This chart explains how astronomers measure the signatures of chemicals in the atmospheres of exoplanets.
Any sulfurous molecules that astronomers spot on alien worlds might be a way to reveal whether or not those distant planets host life, researchers suggest.
On Earth, microbes can live off the energy available in sulfurous molecules that volcanoes release, essentially "breathing" these compounds the way humans breathe oxygen. If a similar kind of metabolism evolved on an extrasolar planet, the sulfurous molecules detected in the atmosphere of that world might help reveal the presence of alien life, said researcher Renyu Hu, a doctoral student in planetary science at MIT.
To see what telltale signs any sulfur-dependent life might generate, Hu and his colleagues modeled Earth-sized planets in the habitable zones of sun-like stars — that is, areas where worlds could have liquid water on their surfaces. These simulated planets possessed nitrogen-based atmospheres like Earth but 1,000 times more sulfur.
Sulfur-dependent life on Earth releases hydrogen sulfide as waste. The researchers found these microbes could increase hydrogen sulfide levels by nearly 10 times what they would be on a planet without such life. [Graphic: Sky Full of Alien Planets]
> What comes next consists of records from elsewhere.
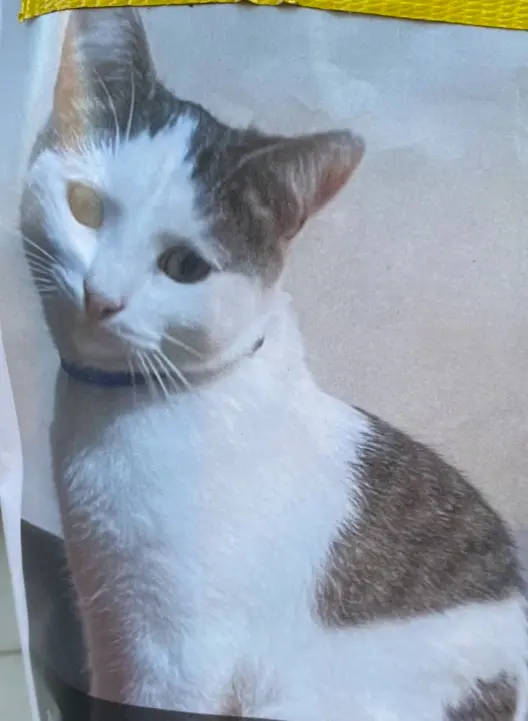 Chatte Perdue 68 Haut-Rhin Mulhouse Chatte Perdue 68 Haut-Rhin Mulhouse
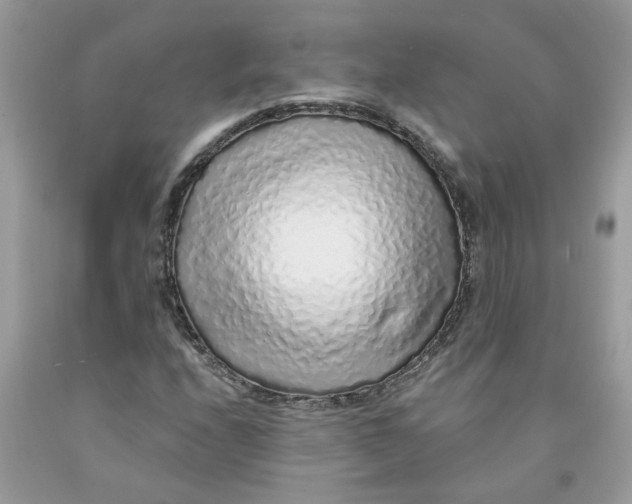 X0000091531208200709141428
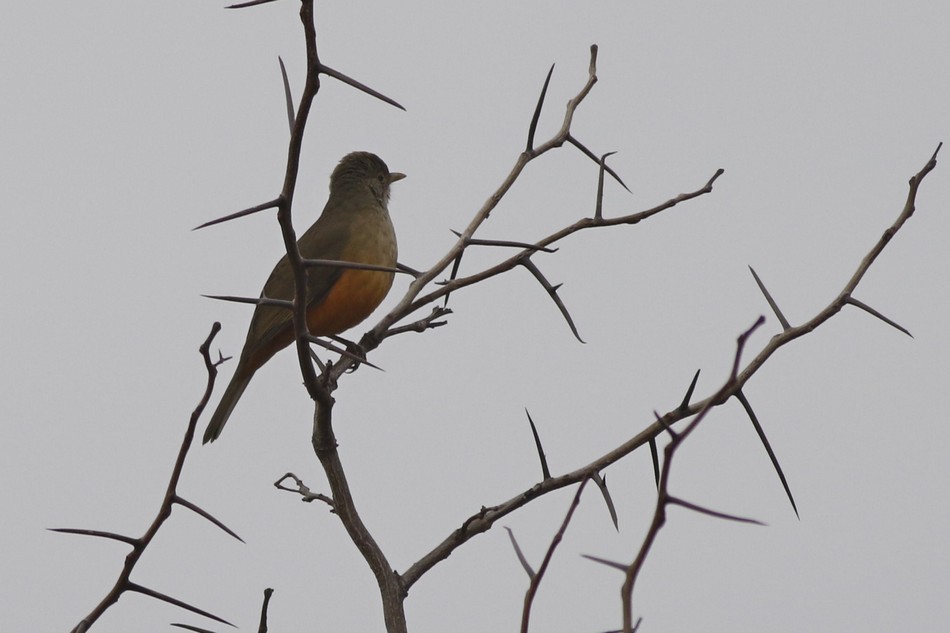 Rufous-bellied Thrush - ML250375191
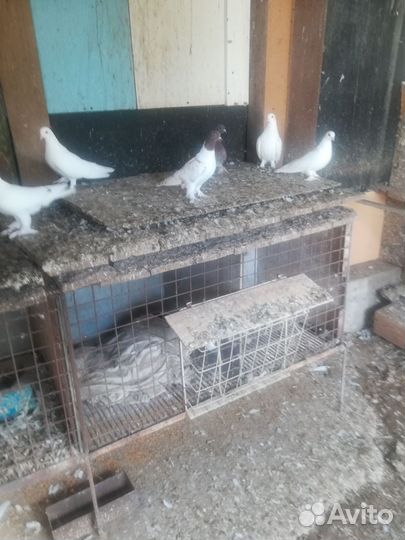 Продажа голубей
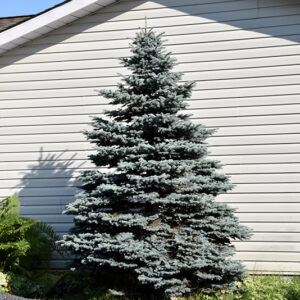 Blue Select Colorado Spruce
From interstellar distances, it would be hard to distinguish hydrogen sulfide (H2S) from water (H2O) on the surfaces of exoplanets. However, the researchers calculate that extra atmospheric hydrogen sulfide would in turn cause more pure sulfur aerosols to form in the air, which astronomers could detect based on their distinctive spectra or fingerprint in the visible and infrared wavelengths.
"Hydrogen sulfide emissions from the surface would have a large impact on the atmospheric composition of a planet," Hu said.
Still, no Earth-sized planets have been discovered yet in the habitable zones of sun-like stars. "Characterization of the atmospheres of exoplanets has been confined to close-in planets so far," Hu said.
Also, Hu cautioned that hydrogen sulfide is not a conclusive signature of life. "We need to test our assumptions thoroughly," he said. "It may be, for instance, that volcanism could produce tremendous amounts of that gas."
Hydrogen sulfide is not the only biosignature gas the researchers are investigating.
"We want to study as many as possible — look at many, many gases in Earth's atmosphere and see if they can be biosignatures as well," Hu said.
Hu, with his colleagues Sara Seager and William Baines, detailed their findings May 26 at the American Astronomical Society meeting in Boston.